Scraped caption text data
--------------------------------------------------

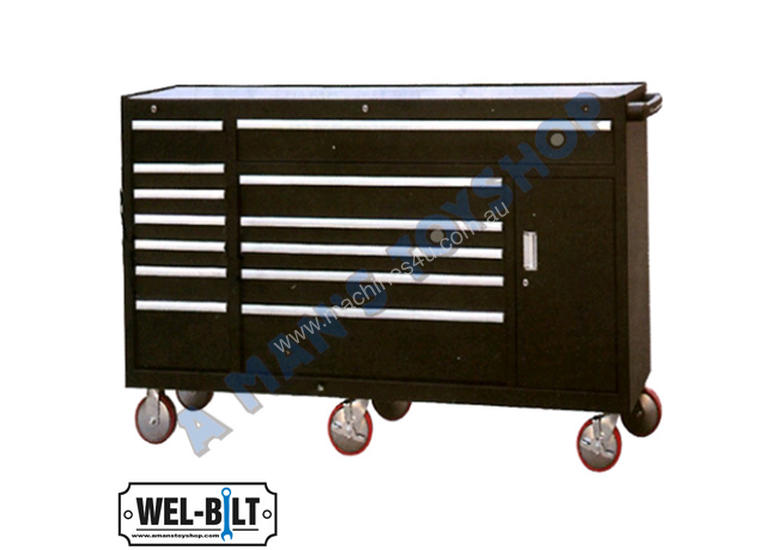 New Wel Bilt Roller Cabinet 13 Drawer 1 Door 72 Black Stainless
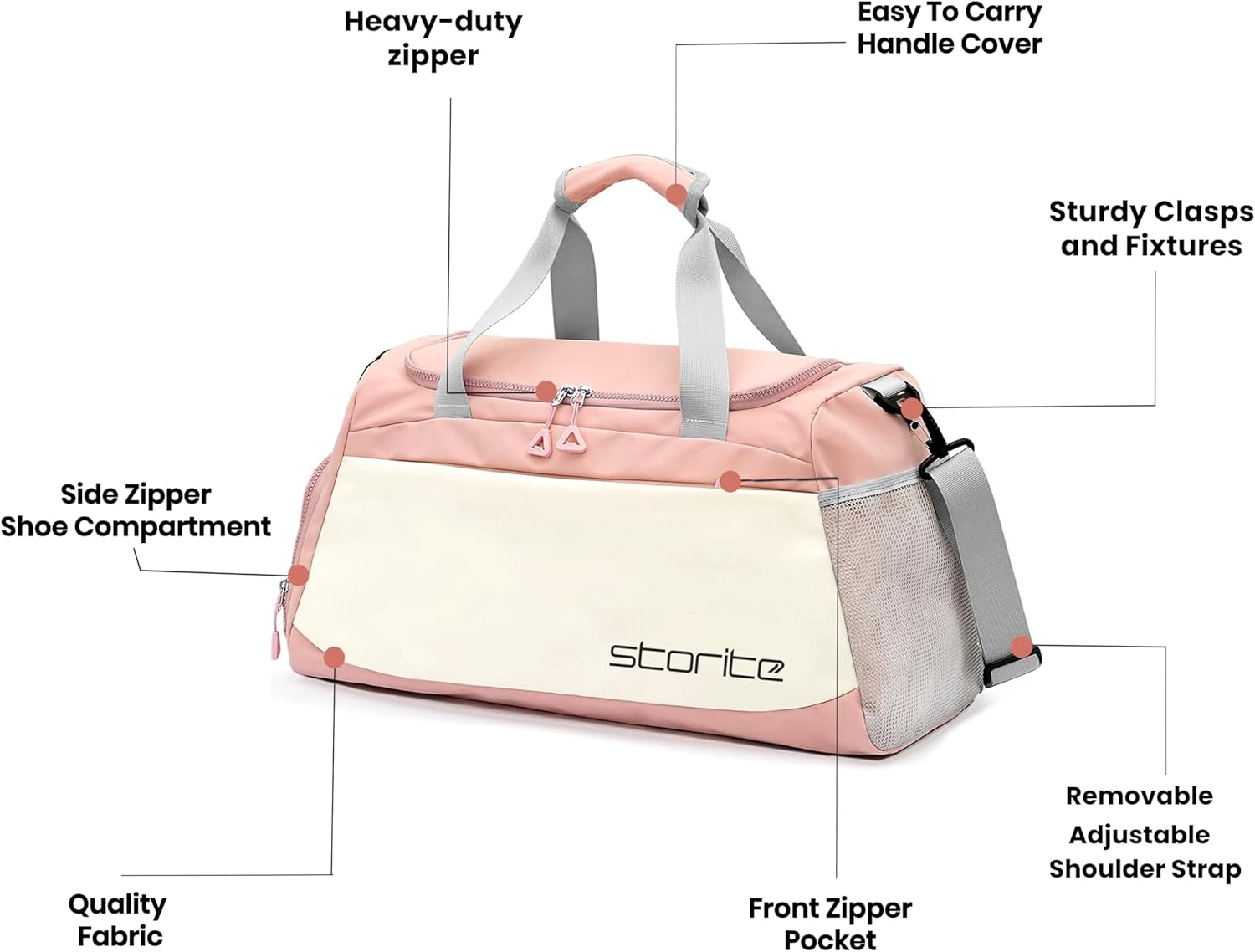 Storite Nylon 51 cms Imported Travel Duffle Bag Multi- Pocket Sports Shoulder Bag for Women with Wet Pocket & Shoe Compartment Weekender Overnight Travel Luggage Bag, Pink, Travel bag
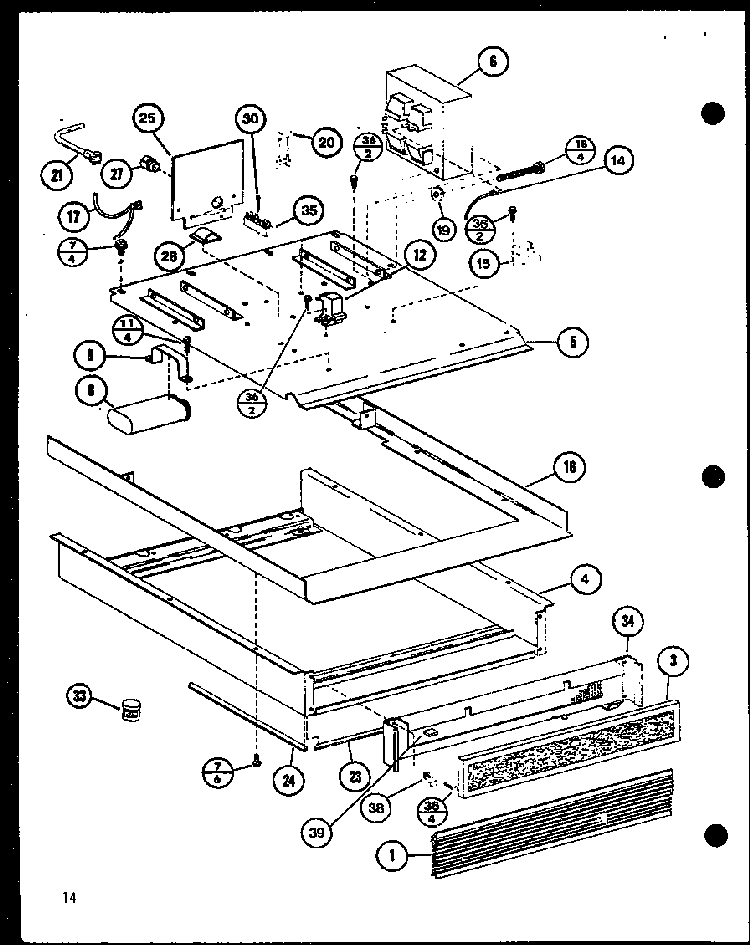 Base Pan Assembly Diagram and Parts List for RC-10SE P76881-7M Amana Microwave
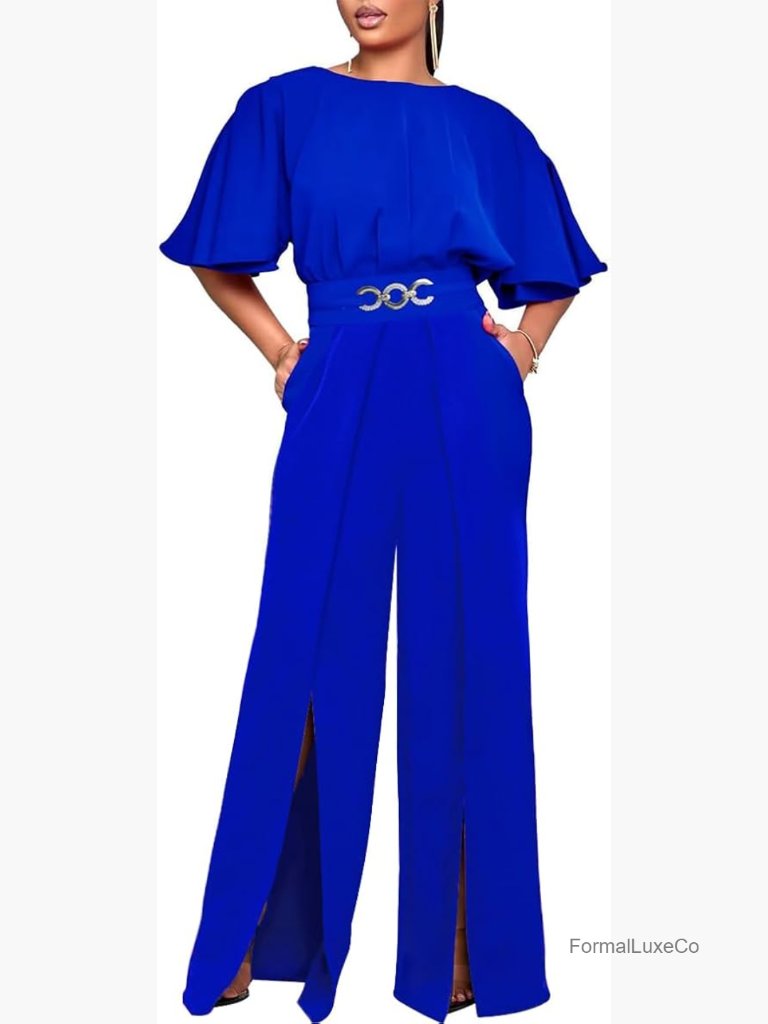 Elegant Jumpsuit For Women Dressy Casual Wide Leg Pants Formal One Piece Outfits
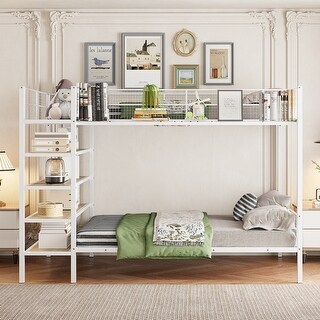 [Multifunctional Design] Twin Over Full Metal Bunk Bed with 5-Tier Shelves
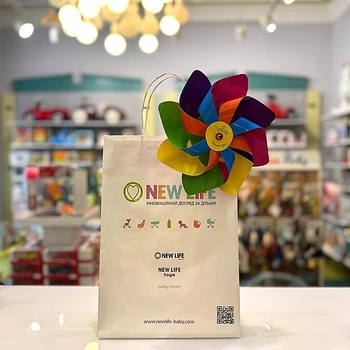 Фірмовий паперовий пакет New Life, 22х34х10 см, білий (0000/19051) - Pampik - 3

--------------------------------------------------

§ Try it
Would you repeat the entries exactly, keeping the images out?

§ Result of this exercise
 New Wel Bilt Roller Cabinet 13 Drawer 1 Door 72 Black Stainless
 Storite Nylon 51 cms Imported Travel Duffle Bag Multi- Pocket Sports Shoulder Bag for Women with Wet Pocket & Shoe Compartment Weekender Overnight Travel Luggage Bag, Pink, Travel bag
 Base Pan Assembly Diagram and Parts List for RC-10SE P76881-7M Amana Microwave
 Elegant Jumpsuit For Women Dressy Casual Wide Leg Pants Formal One Piece Outfits
 [Multifunctional Design] Twin Over Full Metal Bunk Bed with 5-Tier Shelves
 Фірмовий паперовий пакет New Life, 22х34х10 см, білий (0000/19051) - Pampik - 3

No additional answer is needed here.